◆ **Exercise details**:
The listing below begins with the first line you should copy; stop after the line containing "Custom Printed Fresh", and drop every picture.
*** Available data Section Begins ***
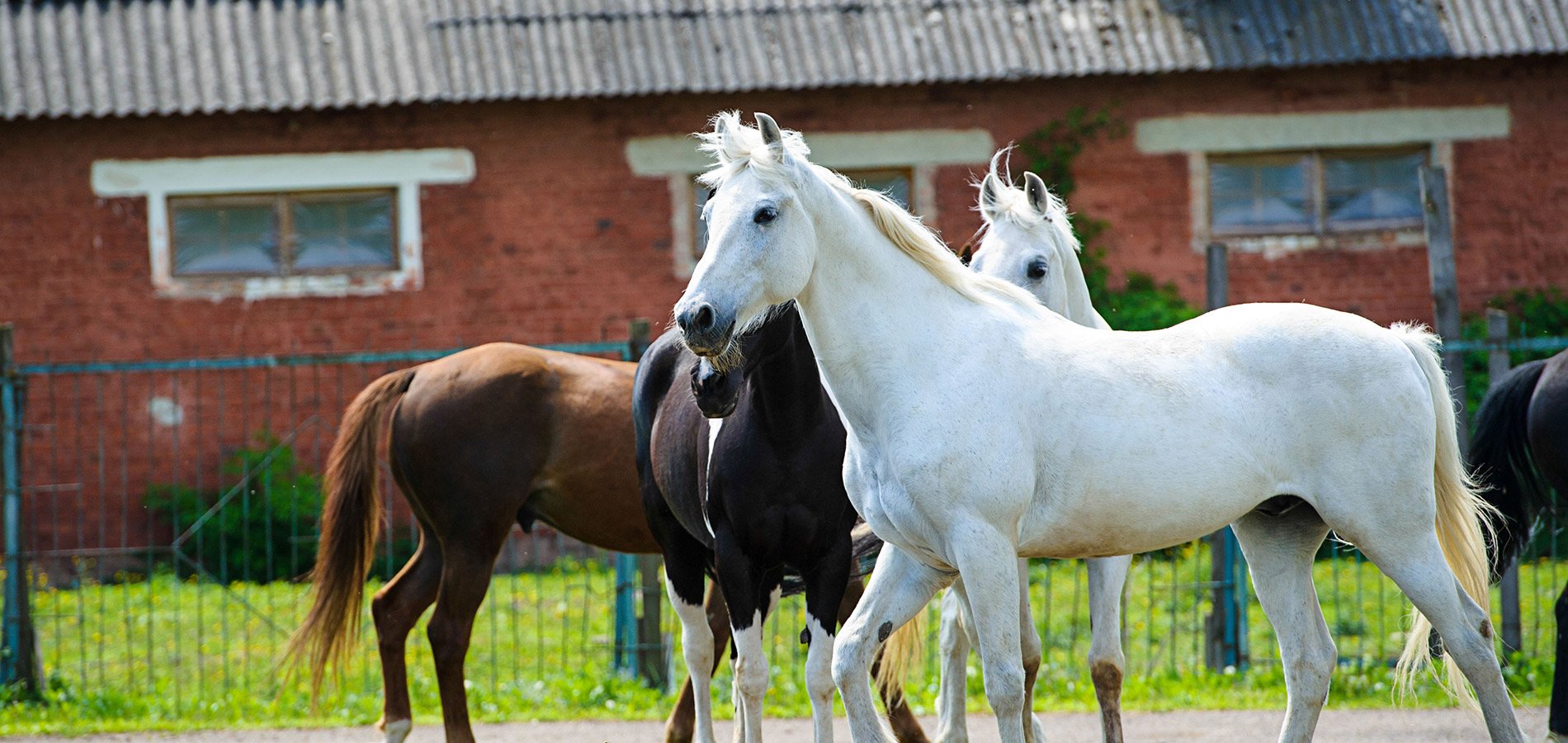 Animal Health Center of Marion County Inc Vets Marion KS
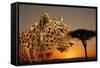 Cheetah, Masai Mara, Kenya, East Africa, Africa-Angelo Cavalli-Framed Stretched Canvas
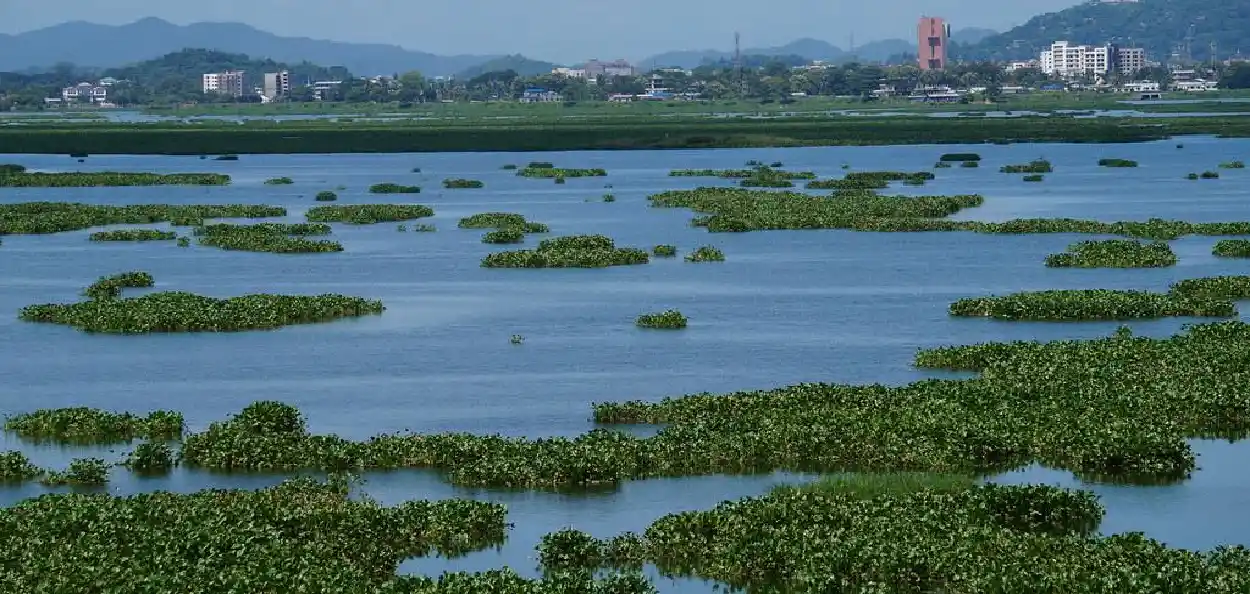 দীপৰ বিল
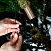 Ель CRYSTAL TREES ЦАРСКАЯ КОРОНА с вплетенной гирляндой 60 см. KP6160L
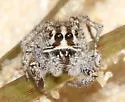 Habronattus georgiensis - photo 3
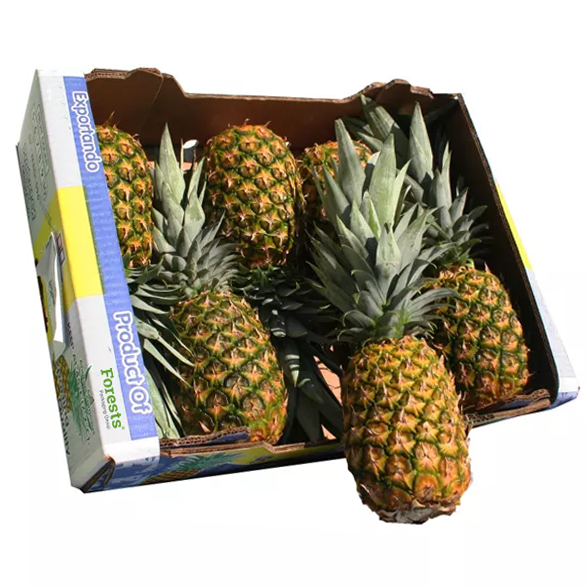 Custom Printed Fresh Pineapple Shipping Boxes Corrugated Cartons Fruit Cardboard Boxes for Export Transportation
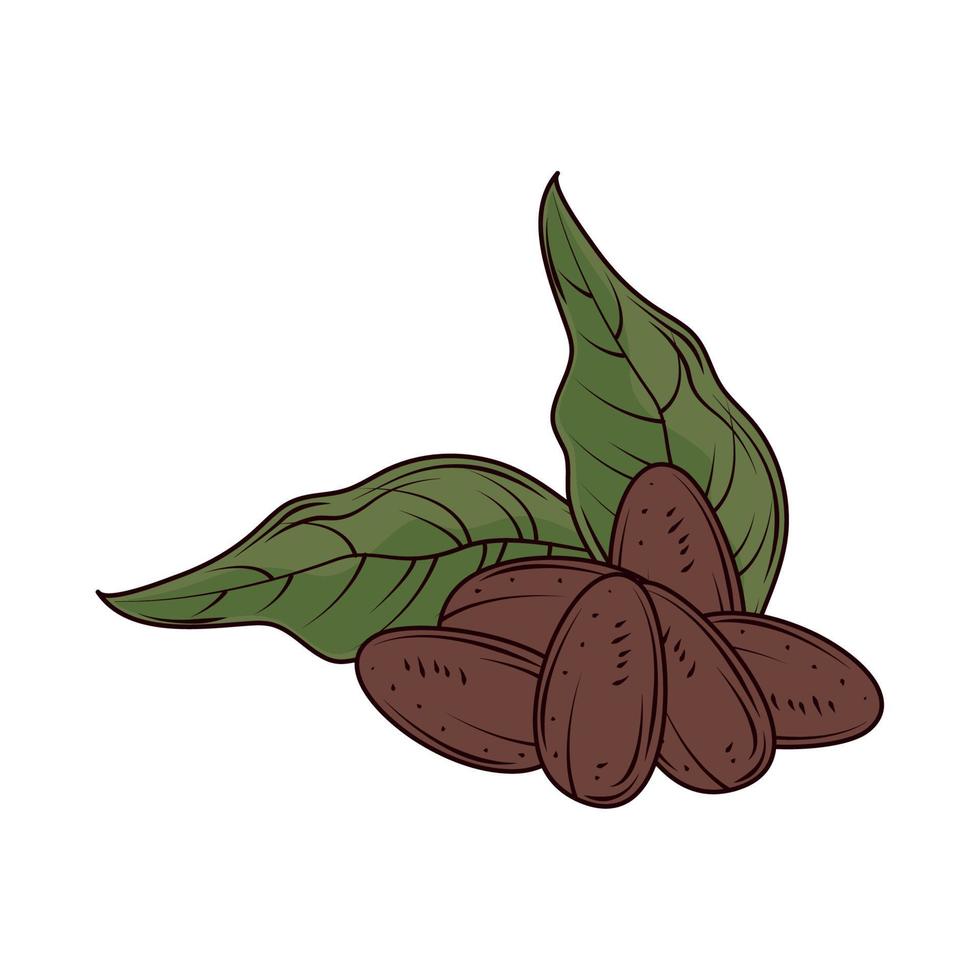 semillas y hojas de cacao vector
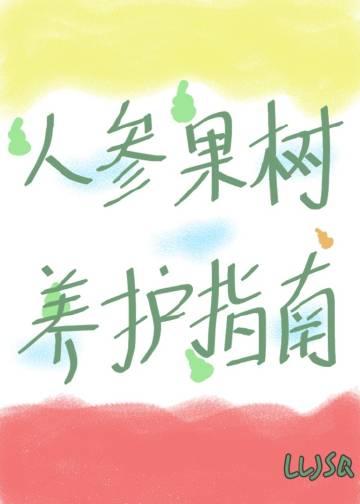 人参果树苗好养吗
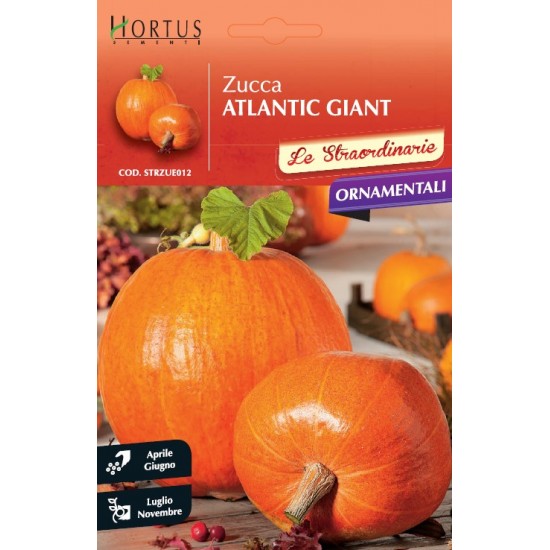 Κολοκύθα Μεγάλη Atlantic Giant 5γρ. Σπόροι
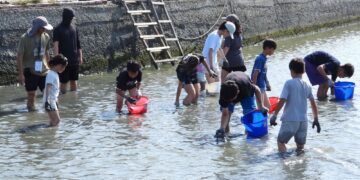 雲林宜梧國中奪全國科展鄉土教材獎 展現濕地保育軟實力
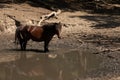 Wild horses drinking water from a small lake Royalty Free Stock Photo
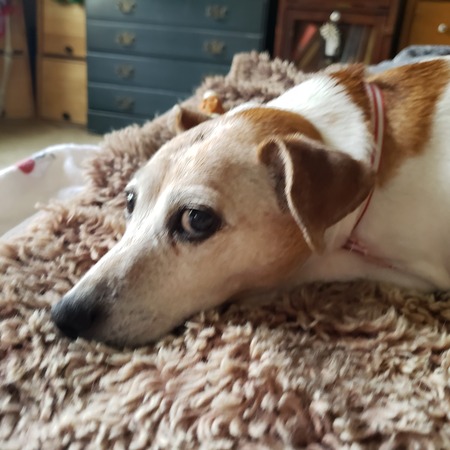 Entry image for Abby. Clicking this image will show a larger photo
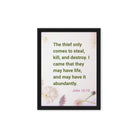 John 10:10 - Bible Verse, Abundant Life Framed Canvas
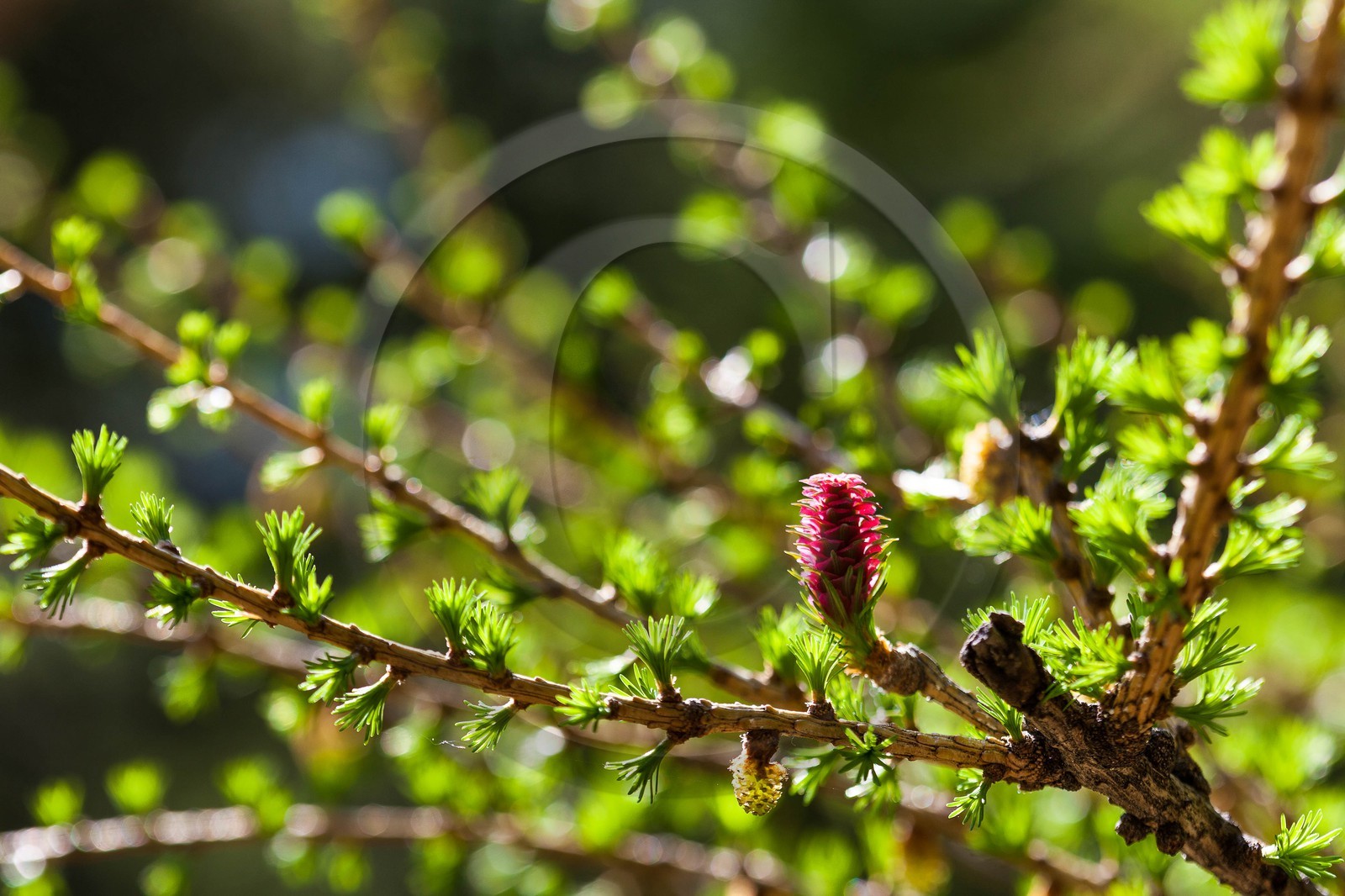 Cône femelle de mélèze (larix décidua)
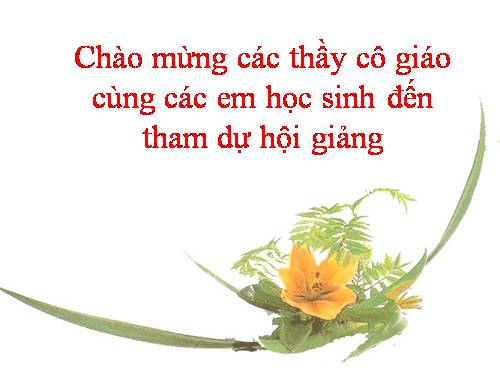 Chương I. §12. Hình vuông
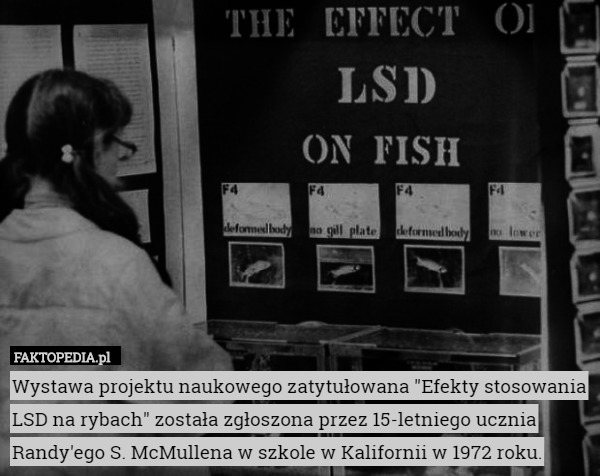 Wystawa projektu naukowego zatytułowana "Efekty stosowania LSD na rybach" została zgłoszona przez 15-letniego ucznia Randy'ego S. McMullena w szkole w Kalifornii w 1972 roku. 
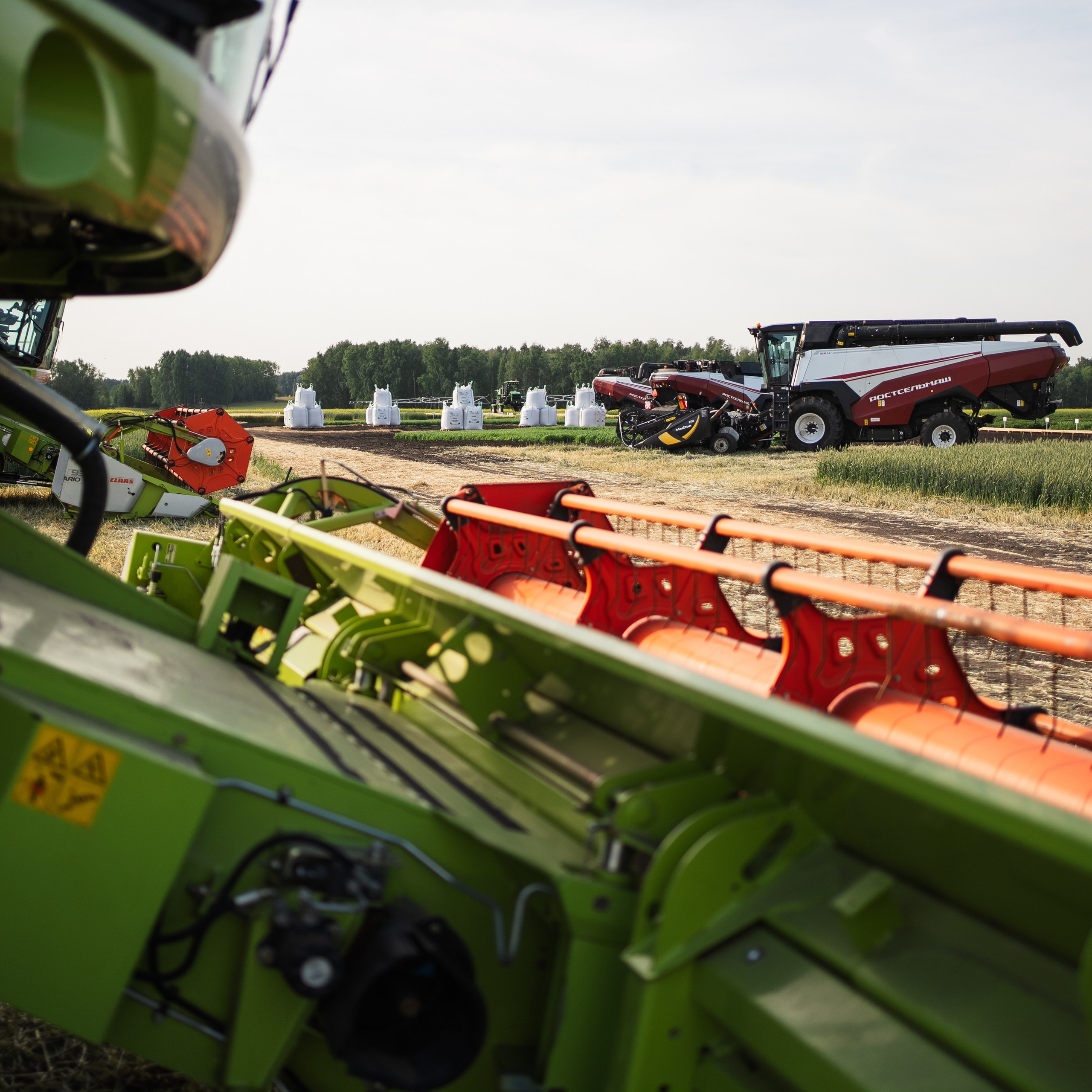 Сельское хозяйство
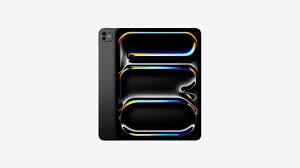 Apple Ipad Pro - 13" - iPad OS17 - M4 - space black - 256 GB - with Standard glass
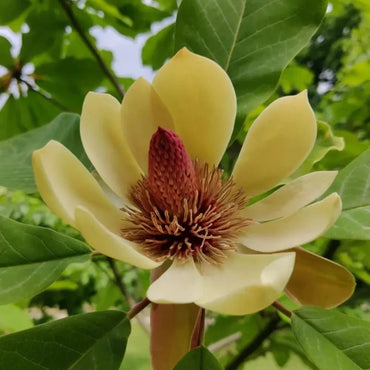 Houpu Magnolia Seeds - Verdseeds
*** Available data Section Ends ***
◆ **Solved problem**:
 Animal Health Center of Marion County Inc Vets Marion KS
 Cheetah, Masai Mara, Kenya, East Africa, Africa-Angelo Cavalli-Framed Stretched Canvas
 দীপৰ বিল
 Ель CRYSTAL TREES ЦАРСКАЯ КОРОНА с вплетенной гирляндой 60 см. KP6160L
 Habronattus georgiensis - photo 3
 Custom Printed Fresh Pineapple Shipping Boxes Corrugated Cartons Fruit Cardboard Boxes for Export Transportation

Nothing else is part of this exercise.